First lady Michelle Obama Thursday dedicated the Whitney Museum of American Art's new home in lower Manhattan with praise for its commitment to exposing the arts to young people from underserved communities.
She reflected on her childhood on Chicago's hardscrabble South Side, where she grew up thinking such glossy institutions were beyond her reach.
"There are so many kids in this country who look at places like museums and concert halls and other cultural centers, and they think to themselves, 'Well, that's not a place for me, for someone who looks like me, for someone who comes from my neighborhood,' " said Obama, an arts education advocate. "I guarantee you that right now there are kids living less than a mile from here who would never in a million years dream that they would be welcome in this museum."
But the Whitney -- which opens its doors Friday to the public at a 220,000-square-foot facility in the Meatpacking District after moving from the Upper East Side -- has put a priority on attracting a younger, more diverse audience with its inaugural exhibition and through its education programs, Obama said.
"You're telling them that their story is part of the American story and that they deserve to be seen," she said.
The exhibition, "America is Hard to See," comprises more than 600 works examining innovation and struggles for artists in America over the past 150 years.
Mayor Bill de Blasio and the architect behind the museum's angular and asymmetrical steel design, Renzo Piano, also were on hand for the dedication.

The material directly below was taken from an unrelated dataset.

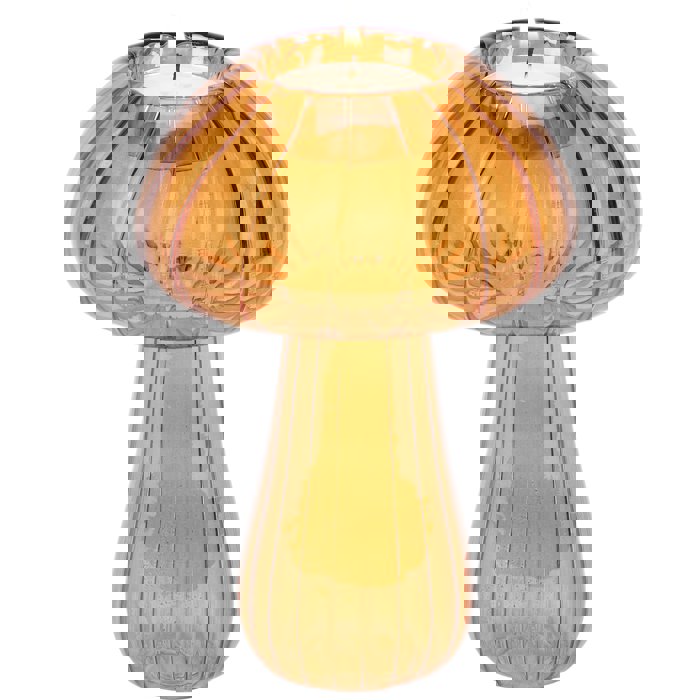 Glass Mushroom Candle Holder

Italian-born Piano described his vision for the structure at 99 Gansevoort St. as a "piazza" where all may gather and feel welcome.
De Blasio pointed to the role of the arts community in his "One New York" plan to transform the city economically and environmentally.
"We're still trying to create a more perfect union here, and the cultural community is, and can be, in the forefront of that," he said. "We know when the doors of our cultural institutions are open wider and wider to every kind of New Yorker."
Museum director Adam D. Weinberg reaffirmed the Whitney's mission just before the ribbon-cutting ceremony.
"Art does change lives, and please know that we take that responsibility so seriously and so to heart," he said.